President Donald Trump on Friday signed a $400 billion budget deal that sharply boosts spending and swells the federal deficit, just hours after last-minute opposition by congressional Democrats and tea party conservatives threatened to scuttle the deal.
“This will bring to an end the months-long period of Continuing Resolutions that have created uncertainty in funding levels and damaged military readiness,” said Rep. Steve Knight (R-Palmdale), who sits on the Armed Services Committee and voted in support of the agreement, in a statement Friday morning.
“I share in many of my colleagues’ concerns about the deficit and rising debt,” Knight said. “However, we can’t continue to force our men and women in uniform to shoulder the weight while Congress is unable to act. This agreement raises the caps that have been damaging our military for so long. The resources allowed by this deal will help give our troops a raise, repair broken equipment, and provide them with the capabilities they need to respond to growing threats.
“I want to thank (Armed Services Committee) Chairman (Mac) Thornberry for his leadership on this issue,” Knight said. “I also want to reiterate to my colleagues that this mission of rebuilding our military does not end here. It will take continued investment in future years. However, the deal passed today is an important step in the right direction.”

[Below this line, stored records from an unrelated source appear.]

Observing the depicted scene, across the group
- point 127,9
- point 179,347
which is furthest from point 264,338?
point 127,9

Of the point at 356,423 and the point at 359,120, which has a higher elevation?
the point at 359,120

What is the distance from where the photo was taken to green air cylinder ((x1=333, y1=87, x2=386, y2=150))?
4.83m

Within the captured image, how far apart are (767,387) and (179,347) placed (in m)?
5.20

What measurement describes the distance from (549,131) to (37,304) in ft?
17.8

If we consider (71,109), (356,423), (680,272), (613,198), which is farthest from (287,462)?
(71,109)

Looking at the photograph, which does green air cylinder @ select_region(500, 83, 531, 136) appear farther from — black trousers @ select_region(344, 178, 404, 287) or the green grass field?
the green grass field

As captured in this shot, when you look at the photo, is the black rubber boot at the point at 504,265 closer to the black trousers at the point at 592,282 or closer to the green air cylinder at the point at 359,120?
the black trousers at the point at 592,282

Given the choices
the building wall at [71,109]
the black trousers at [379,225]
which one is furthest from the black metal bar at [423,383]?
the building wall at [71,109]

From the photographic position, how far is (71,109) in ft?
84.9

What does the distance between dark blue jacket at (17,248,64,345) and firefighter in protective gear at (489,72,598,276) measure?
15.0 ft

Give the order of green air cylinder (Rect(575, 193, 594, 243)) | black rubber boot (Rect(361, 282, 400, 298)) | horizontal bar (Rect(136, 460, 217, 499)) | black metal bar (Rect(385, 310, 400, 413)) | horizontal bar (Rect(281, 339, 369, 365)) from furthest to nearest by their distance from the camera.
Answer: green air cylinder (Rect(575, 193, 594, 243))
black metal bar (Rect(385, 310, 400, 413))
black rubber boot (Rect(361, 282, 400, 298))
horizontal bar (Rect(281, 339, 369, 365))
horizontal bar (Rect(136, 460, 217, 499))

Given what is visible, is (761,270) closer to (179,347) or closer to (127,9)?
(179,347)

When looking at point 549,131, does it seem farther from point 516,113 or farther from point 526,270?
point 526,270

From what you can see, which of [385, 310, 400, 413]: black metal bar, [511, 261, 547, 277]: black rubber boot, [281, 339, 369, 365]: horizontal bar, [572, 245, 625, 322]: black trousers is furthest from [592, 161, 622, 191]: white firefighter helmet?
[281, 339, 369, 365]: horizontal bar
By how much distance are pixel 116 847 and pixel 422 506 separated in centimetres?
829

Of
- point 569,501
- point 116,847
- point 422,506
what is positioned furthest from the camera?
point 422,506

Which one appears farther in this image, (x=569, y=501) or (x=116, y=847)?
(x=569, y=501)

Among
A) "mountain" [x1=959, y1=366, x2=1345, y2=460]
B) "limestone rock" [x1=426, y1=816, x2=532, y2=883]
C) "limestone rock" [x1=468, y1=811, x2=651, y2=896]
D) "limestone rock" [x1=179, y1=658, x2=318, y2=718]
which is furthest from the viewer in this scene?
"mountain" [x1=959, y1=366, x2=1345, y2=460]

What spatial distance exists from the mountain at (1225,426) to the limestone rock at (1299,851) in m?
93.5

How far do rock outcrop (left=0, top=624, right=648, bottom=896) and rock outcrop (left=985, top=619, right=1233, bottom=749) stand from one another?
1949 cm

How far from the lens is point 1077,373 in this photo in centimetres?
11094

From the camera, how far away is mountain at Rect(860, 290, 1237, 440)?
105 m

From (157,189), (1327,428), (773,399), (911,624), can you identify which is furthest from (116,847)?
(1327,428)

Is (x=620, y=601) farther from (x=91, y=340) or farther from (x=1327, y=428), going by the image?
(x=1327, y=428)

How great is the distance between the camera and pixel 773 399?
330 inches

“There are few people in Congress who understand our aircraft readiness challenges better than Congressman Knight,” Thornberry said. “This budget agreement will help rebuild our military and improve the readiness of our men and women in uniform. Throughout this process, he has been an active and effective voice in ensuring our pilots are provided suitable aircraft, parts, and training in order to be mission-ready. I know the folks in the Antelope Valley support a strong national defense. They are well served by Steve’s expertise and his work to help secure this agreement that is so important to our military.”
Attached to this agreement is a final Continuing Resolution which will provide time for Congress to formulate and pass an omnibus appropriations bill, in accordance with the new caps, to provide full government funding for the rest of the fiscal year.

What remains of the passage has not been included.